To be certain, the naming of Argentina is an enigma. It’s derived from the Latin word for silver and first came to be used by Italian explorers, most likely from Venice or Genoa. After a complicated linguistic battle the now Spanish rulers settled on the Italianized version of Argentina. Strangely enough, the country has no particular silver lodes. In fact, the whole concept of Argentina and the La Plata region (plata is the Spanish word for silver) is based on a myth. Way back in the early 1500s, Spanish (or perhaps Portuguese, his origins appear to be a little fuzzy) explorer Juan Diaz de Solis embarked on an expedition to survey South America. He got as far as what is now the Rio de la Plata before being attacked and killed, and possibly eaten, by the local indigenous Indians. The sun had set on de Solis.

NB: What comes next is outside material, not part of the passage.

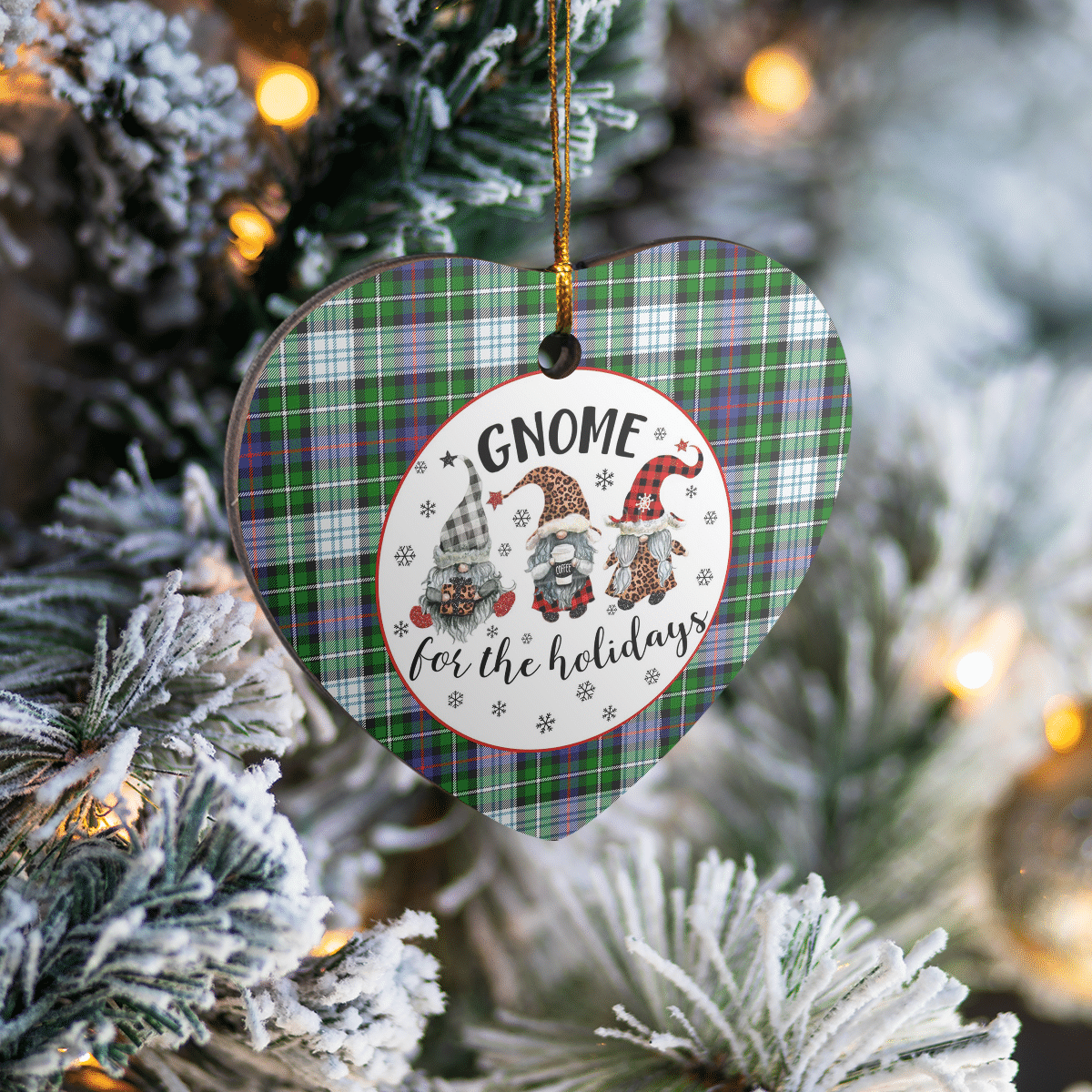 Clan MacKenzie Dress Modern Tartan Tartan Crest Gnome Heart Ceramic Ornament HU40 MacKenzie Dress Modern Tartan Tartan Christmas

Some of the survivors of the expedition opted to stay on as castaways while de Solis’s brother-in-law took the remaining ships and crew back to Spain. It was these castaways that supposedly first heard about a mountain of silver ruled over by a local indigenous king. Led by Aleixo Garcia, a follow up expedition searched for this apparently well concealed silver mountain, making his way across South America as far as the Andean high plains in northern Argentina, Bolivia, and Peru. Unfortunately for Garcia, he died in yet another run-in with indigenous peoples as he made his way back through present day Paraguay. Survivors did manage to cart out enough precious metals, though not necessarily all silver, to convince well-healed profiteers back home that what is now Argentina was the mother lode of silver. None was ever found, but after toying with the name in various official documents, the formal name become the “Argentine Republic” by presidential decree in 1860, which remains its official name today. Of course, in common practice the shortened feminine form of Argentina was more popular and the name is how most of the world, including Argentinians, refer to the nation.
And then there was Evita.
David J. Kent is a science traveler and the author of Lincoln: The Man Who Saved America, in Barnes and Noble stores now. His previous books include Tesla: The Wizard of Electricity (2013) and Edison: The Inventor of the Modern World (2016) and two e-books: Nikola Tesla: Renewable Energy Ahead of Its Time and Abraham Lincoln and Nikola Tesla: Connected by Fate.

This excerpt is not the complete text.